“Querida Grande Imprensa, eu queria lembrá-la de outras pautas indígenas esquecidas; crianças mortas, povos confinados, apartheid; nunca será tarde”
Alceu Luís Castilho*
Querida Grande Imprensa,
Vejo que, finalmente, você percebeu que um bebê de 2 anos foi degolado em Santa Catarina. O Estadão até publicou um texto, nesta quinta-feira, lá nos confins de uma página interna, três dias após a jornalista Eliane Brum acabar de escancarar o caso, em sua coluna no El País Brasil
– e uma semana após identificarmos, na mídia contra-hegemônica, a
omissão dos grandes jornais. Expus essa angústia, no dia 31 de dezembro:
Eu, leitor, à espera de notícias sobre um bebê indígena assassinado. Pena que O Globo não deu as matérias do G1 na edição impressa. A Folha a gente segue aguardando.
E nem era tão longe, né? Foi ali, em Santa Catarina. Mas que bom que
deu tempo. Nunca será tarde demais. Aproveitando, então, o interesse
demonstrado pela morte de Vítor Pinto, e supondo que não seja ocasional a
preocupação com o bebê Kaingang, sugiro que a Senhora coloque em pauta
outros exemplos do massacre sistemático praticado contra os povos
indígenas no país. Um caso antigo, ainda mais antigo que a história de
Estadão, Folha, O Globo – todas as suas histórias somadas. É a história
de um genocídio – de cabeças arrancadas, etnias inteiras dizimadas ou
extintas, confinadas, espoliadas.
Por exemplo, o massacre dos Guarani Kaiowá, no Mato Grosso do Sul. Estão para ser despejados 4 mil indígenas
na região de Japorã. Eu adoraria ir ao local, mas não tenho recursos.

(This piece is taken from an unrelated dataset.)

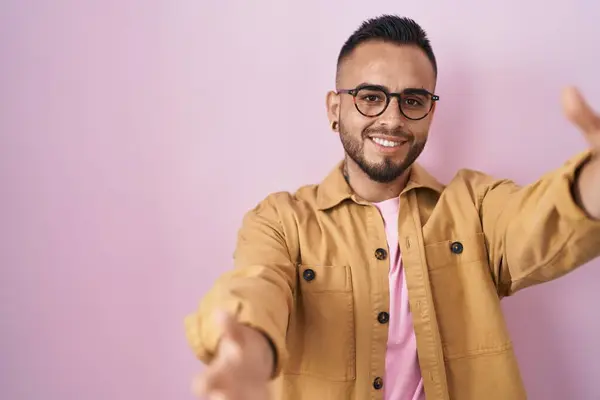 Young Hispanic Man Standing Pink Background Looking Camera Smiling Open — Zdjęcie stockowe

Vocês, que têm encolhido o tamanho dos jornais sem reduzir o preço,
talvez ainda tenham algum troco para enviar bons repórteres (sei que
ainda os têm) à região, para contar a história completa – antes que
famílias inteiras sejam mais uma vez humilhadas. Mas fiquem um bom
tempo: tem muita aldeia para visitar. O massacre dos Guarani Kaiowá é o
maior da América do Sul, ao lado dos Mapuche, no Chile. Várias
lideranças indígenas foram assassinadas. Crianças são discriminadas.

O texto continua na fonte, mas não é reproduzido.